Unfortunately the California dataset doesn't work as a direct drop-in, having 7 features instead of 13. The Ames dataset has 80(!) features, which is a lot more interesting than I usually give Ames credit for.

I'm not sure of the best path forward, but probably the most expedient is to implement the workaround for pulling the Boston data from the source and patch the feature names back in, as annoying as it is to continue use of it. Otherwise adapting to California is probably workable (but diverges from the text.)

Validation Loss doesn't go down in Chapter 3 Code

If you run the chapter 3 code notebook, the validation loss stops after one epoch after the loss goes up.

Clearing up my confusion on symbols in Chapter 1 and Appendix A.

I had a hard time wrapping my head around the Matrix Chain rule in both the digital and printed version, and there is a couple of typos or at least inconsistencies (I think, I'm not an expert, but it just didn't click for me) in both.

The whole crucade started because I was more or less getting the core idea, but couldn't figure out a) why the same process left weights in a different spot in a calculation and b) how the heck did the W(t) came about. The more I read through the appendix the less I understood.

I did go through p.221-224 multiple times but, frankly, having forgotten most stuff about derivatives excluding the most basic of stuff and adding inconsistent symbols in couple of places and to my untrained eye a couple of typos here and there made it not only hard but also frustrating.

Specifically on p. 221 there was no information on what is actually calculated (wouldn't hurt to remind that, as I learn visually) and on p. 223 we were calculating dLdX(S) that had to be guessed to be equal (or literally be) dLdX(X) page later (what is the difference or if there is no difference why use two different symbols)? Earlier, in chapter 1 it was reinforced that dLdu(S) is a matrix of ones but then on p.224 it was a whole other matrix (that I get where it came from, but the transition could be underlined). I even tried going through the digital version and it wasn't better - not even talking about the zoom issue, but things like dLdu(N)=dLdu(N) (why?) or later, again, that dLdX(S) is this big matrix and then later it is apparently equivalent to dLdX(X) which is also equivalent to dLdu(S) that is also (???) equivalent to dLdu(S) multiplied by W(t). The last point could also be a little clearer.

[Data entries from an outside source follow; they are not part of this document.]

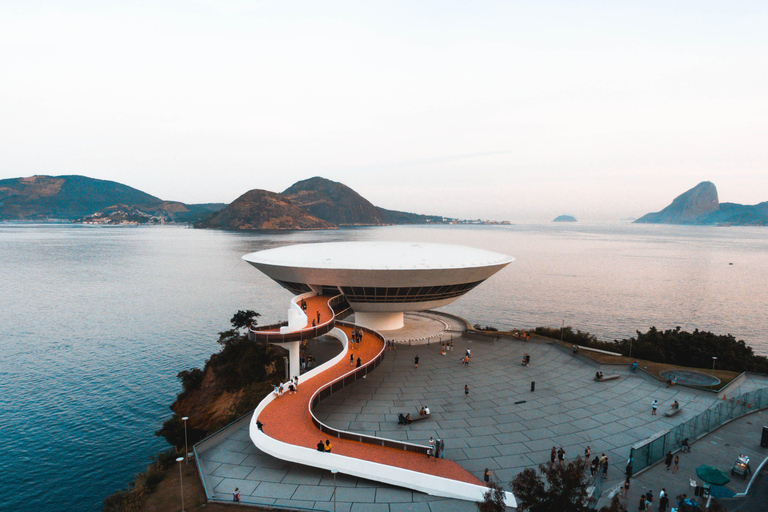Niterói Contemporary Art Museum Tour in Dutch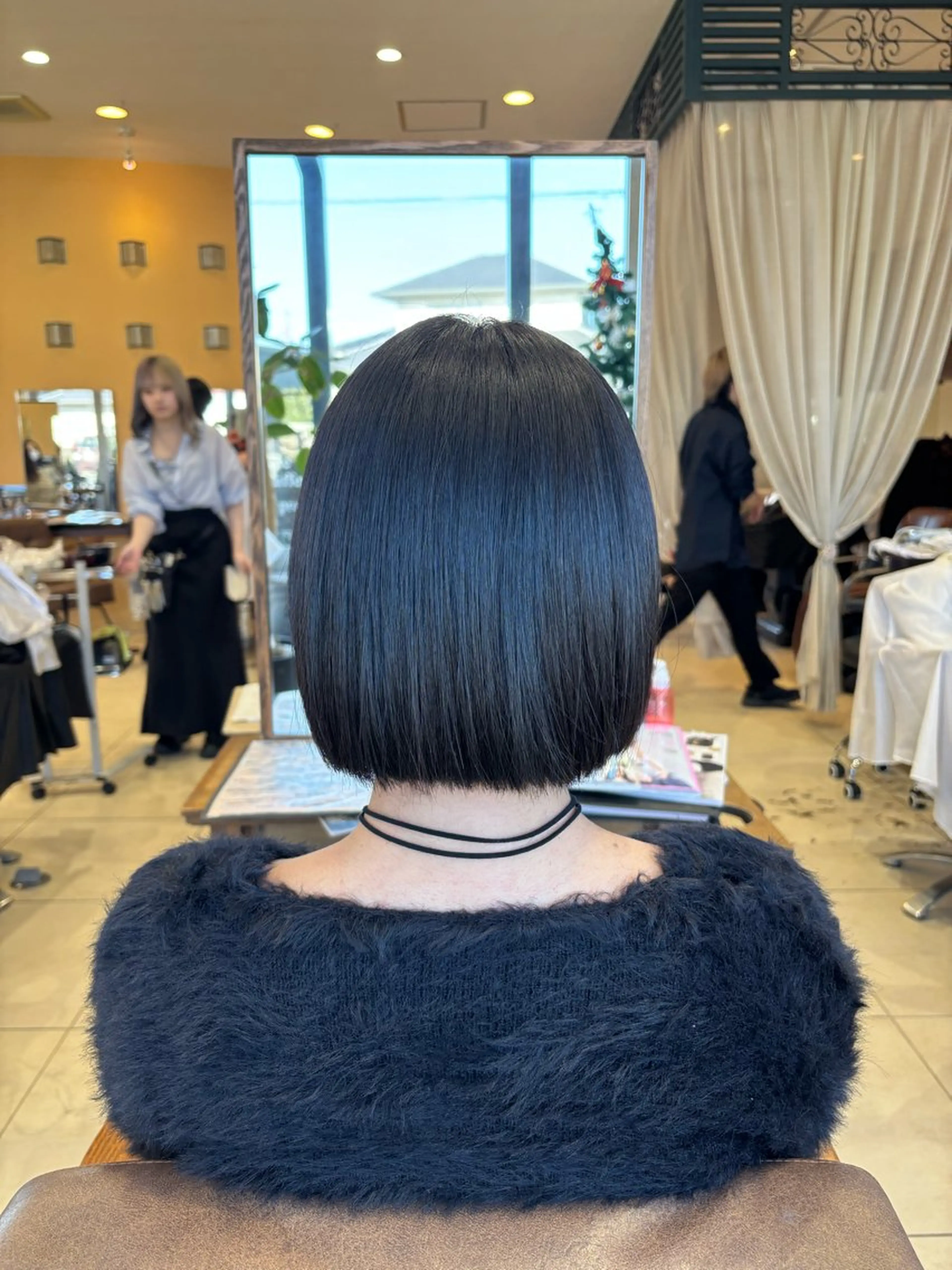 ショート カット ハイトーン/寒色系 カラー/Risa🌿のヘアスタイル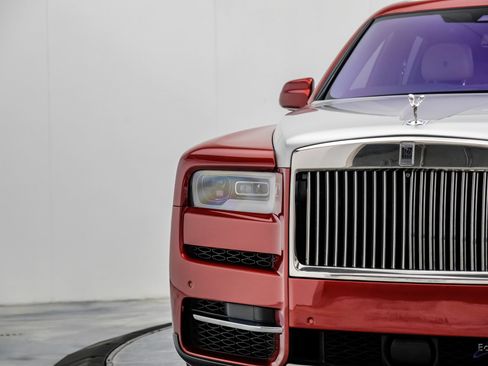Used 2019 Rolls-Royce Cullinan AWD/4WD image 35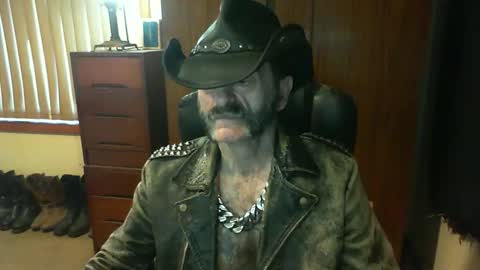 Snapshot of leathergreaser chatting on 11/23/25, 07:24 leathergreaser online show from 11/23/25, 07:24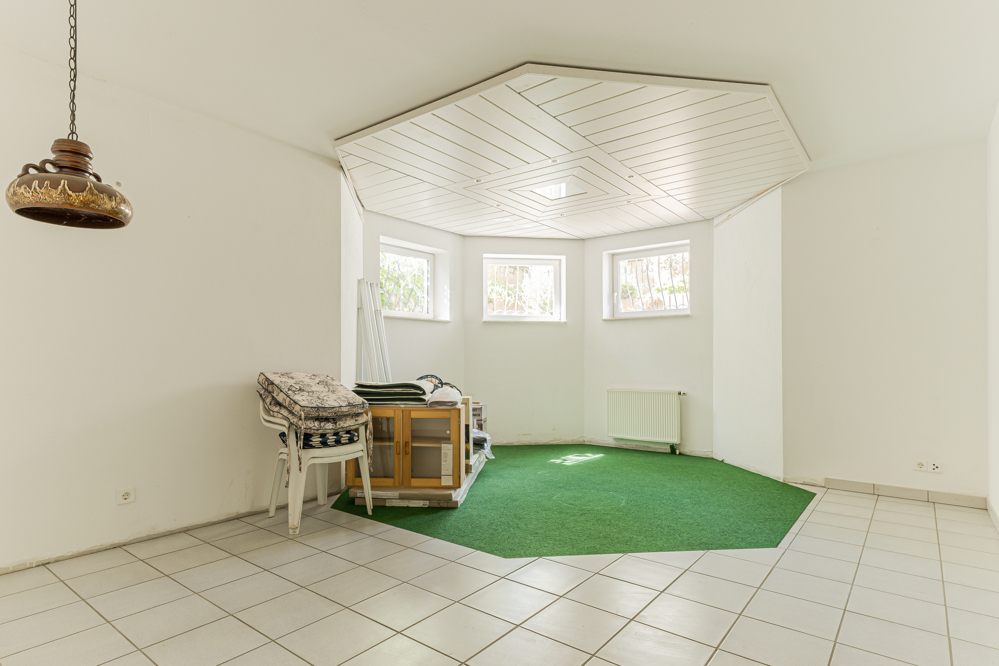 teilausgebauter Kellerraum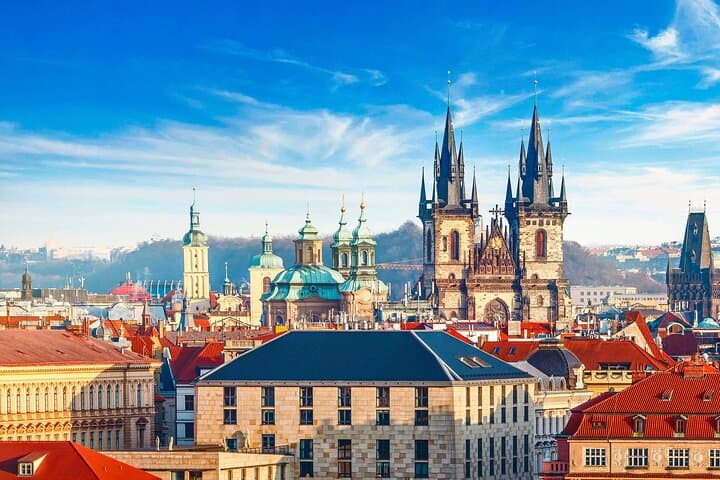 Charles Bridge & Old Town Prague Tour with Audioguide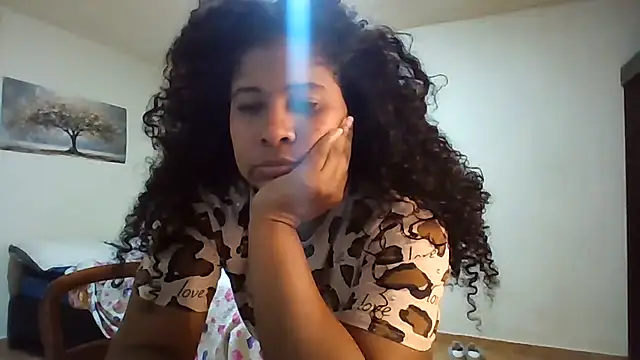 Snapshot of Ivon-09 chatting on June 24, 12:42 am Ivon-09 online show from June 24, 12:42 am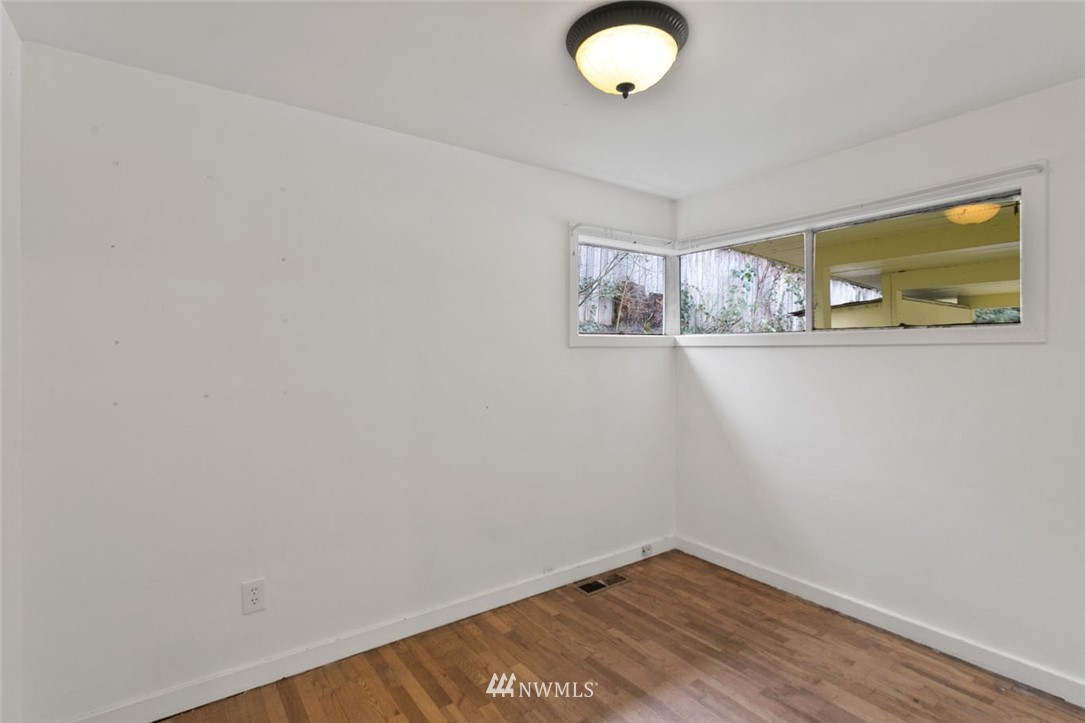 7407 Gatewood Road Southwest Seattle, WA 98136 - Photo 11 of 15 Gallery Image 11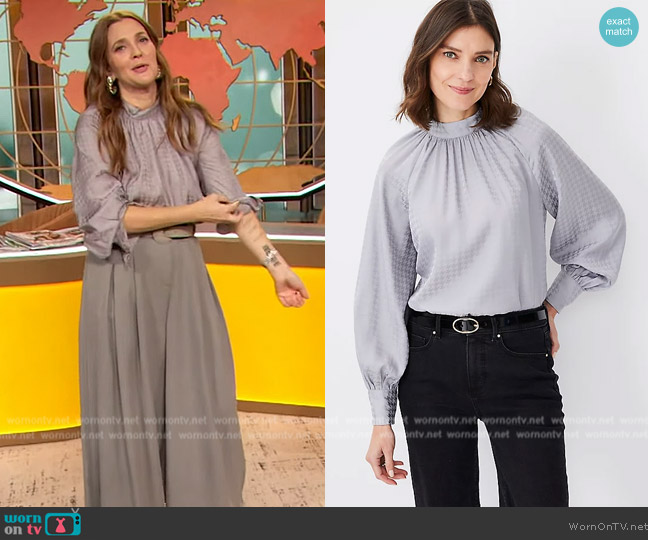 Ann Taylor Mock Neck Shirred Popover worn by Drew Barrymore on The Drew Barrymore Show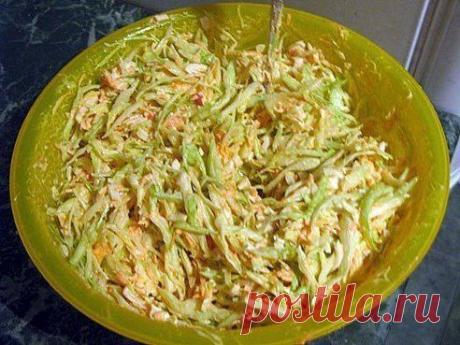 САЛАТ &quot;НЕДЕЛЬКА&quot;

Ингредиенты:
Капуста (небольшой кочан)
Морковь (2 шт.)
Крабовое мясо (1 упаковка)
Майонез

Приготовление:
Мелко нашинковать капусту, перетереть с солью.
Натереть на мелкой терке морковь.
Нарезать крабовое мясо.
Хорошо перемешать, заправить майонезом и посолить (по вкусу).

Приятного аппетита!
подробнее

I get that this is trivial to you, but I'm trying to learn after a fairly long break from advanced math in general and if it really is supposed to be 'from scratch' where it is underlined how important it is to grasp the concepts (and I guess how gradients are actually calculated is pretty important) it would be beneficial to have the math extra clear so everybody plays on even playing field. Somebody that was hearing about deep learning and just took the book off the shelf to give it a go could be really put off and maybe discouraged to the whole idea by something like this despite reading dilligently. I hope I didn't come off as venting - I just really want to have a good grasp on this subject so I can feel confident about coding myself later as I understand the background. Well, back to reading; maybe the coding part will clear that up for me.

Errata in chapter 1

I guess there is an errata page at the publisher, but I'm more concerned about author seeing this. The initial explanations of functions with mixtures of math, diagrams, and code written a few different ways confusingly mixes up ReLU and LeakyReLU repeatedly.

For example, in Figue 1-1, the diagram labelled "ReLU function" shows a LearkyReLU. On page 6, the code defines leaky_relu correctly, but then the note immediately below says that x.clip(min=0) (i.e. ReLU) is equivalent.

I can just see the process in writing of vacillating between whether ReLU or LeakyReLU is a better example, but the result would be really mysterious to someone who was not already familiar with both of those.

the model in chapter 4 doesn't work specifically in passing the data into the forward function in the layer.py and base.py

Batch Normalization and Adam Optimizer

Could please also implement the commonly used Normalization layers and the Adam Optimizer?